DAVID DESHAIES, UNCONVENTIONAL DINER
Culinary Concept: My background is in classic French cooking, but what I crave most as an eater is comfort food. When I travel, I love to eat local and try to experience a culture through its food. When I cook, I like to bring that sense of place back to my kitchen and then apply culinary technique to elevate those food memories.
Standout Dish: I think our standout dish is our chicken parm florentine. We blend chicken with spices, stuff it with a gruyère and spinach blend before frying it, and then melt the requisite fresh mozzarella on top. We serve it with buttered parmesan noodles and house-made marinara.
The Restructure: At the onset of Covid, we pivoted early to provide our Stay at Home Supper Club, featuring meals for two [or more] to be enjoyed at home at an affordable price. Before reopening our dining room, we built plexiglass dividers between tables and developed entry/exit strategies with proper social distancing for safe dining and pickup, among other practices. Eventually, we developed a large-scale outdoor patio while continuing to build our delivery and [takeout] businesses. That said, we still look forward to the day we can break bread without masks and the worry of contagion. Until then, we remain focused on guest and staff safety, and will continue to evolve our business and practices to ensure safe dining and a safe workplace.

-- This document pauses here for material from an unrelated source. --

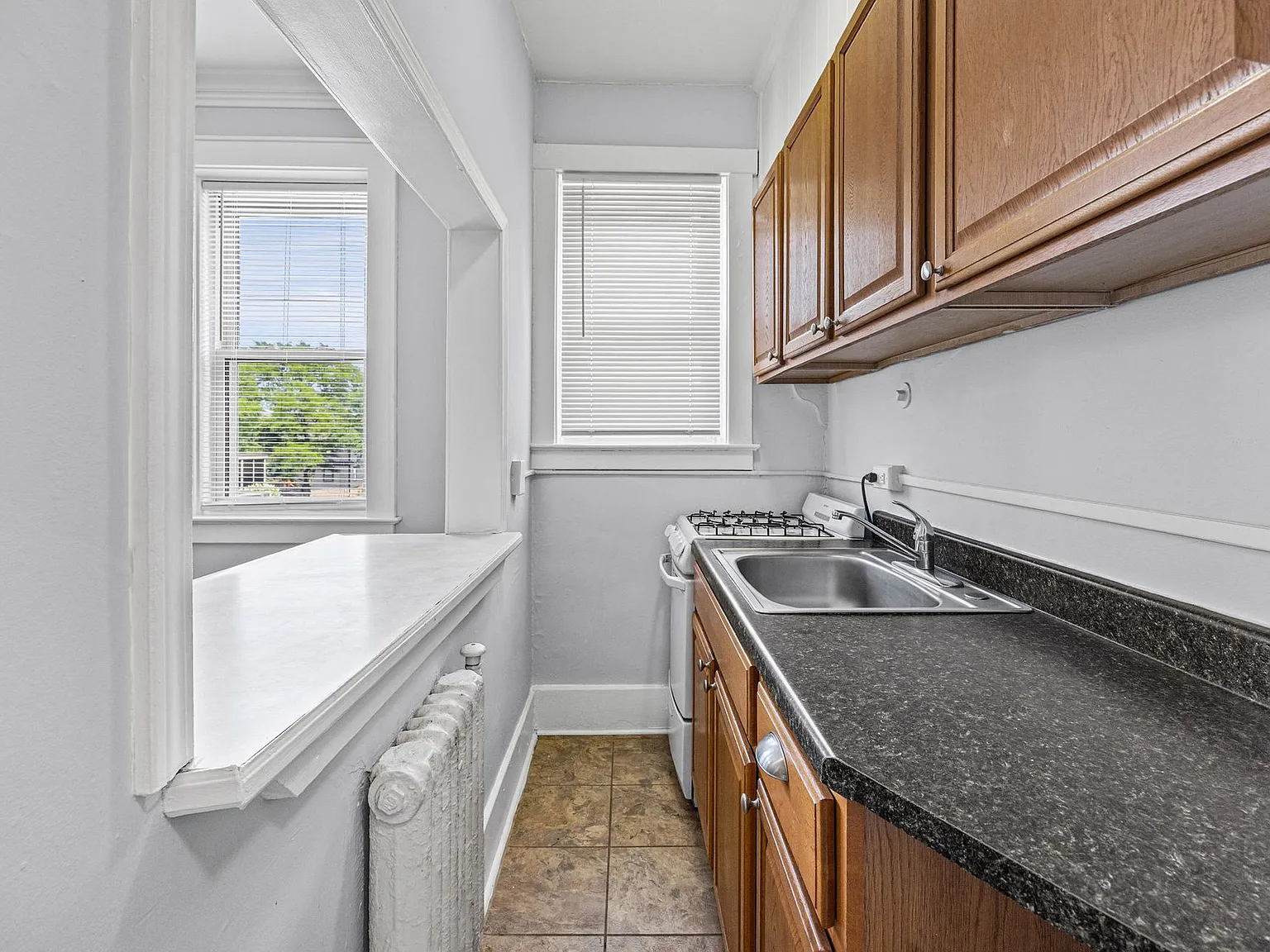 1625 East Ave — Photo 4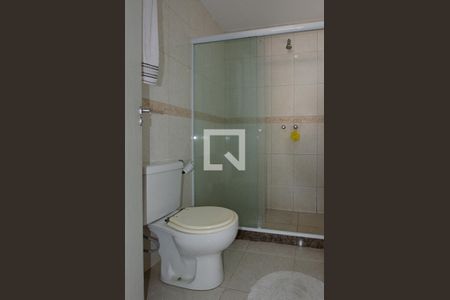 Casa de condomínio para alugar com 250m², 5 quartos e 3 vagas Casa de condomínio para alugar com 250m², 5 quartos e 3 vagasBanheiro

JAVIER FERNANDEZ, KUYA JA’S LECHON BELLY
Culinary Concept: I am a classically French-trained chef who worked at many local French restaurants. I try to incorporate French cooking techniques into my Filipino comfort food while trying to use as many local ingredients as possible.
Standout Dish: Lechon Belly, of course. Think Filipino porchetta: pork belly stuffed with lemongrass, garlic, green onions and a house spice blend roasted for over six hours until the meat is juicy and tender with mahogany crackling skin.
The Restructure: I feel extremely lucky to have already had a primarily takeout restaurant pre-pandemic. I think the pandemic has not only taught us how we can operate more efficiently post-pandemic but also how having an amazing team can conquer anything. We closed the restaurant for almost three months for the safety of our staff and their families. Reopening felt like the grand opening of our restaurant. We were stressed, we were tired, we were overwhelmed with all the changes, and we were operating with 50 percent of our staff. I owe everything to my amazing wife/business partner. Not only does she work a full-time job, she does a wonderful job raising our two young daughters and somehow still finds time to manage the restaurant. Countless hours of raising funds through GoFundMe for our staff out of work, applying for numerous loans and grants to help us survive, providing our staff with groceries, [and] placing orders to make sure we had PPE [personal protective equipment], cleaning supplies, and the right equipment for reopening. She inspires our team to continue trucking on, even when times are tough. If I had any advice for restaurants/chefs, it would be to not take shortcuts and to be innovative. If the quality of your food stays consistent, I truly believe the community will continue to support as they will not be able to resist your delicious dishes. Our industry is resilient and the winter months may be a struggle, but I hope that we will all bounce back in 2021.
DENNIS FRIEDMAN, SHOUK
Culinary Concept: Coming from a fine-dining background, I have made myself an expert in the plant-based world and am committed to making plant-based food both accessible and delicious. Eating more plants is the right thing to do for the health of our bodies, the community and the planet.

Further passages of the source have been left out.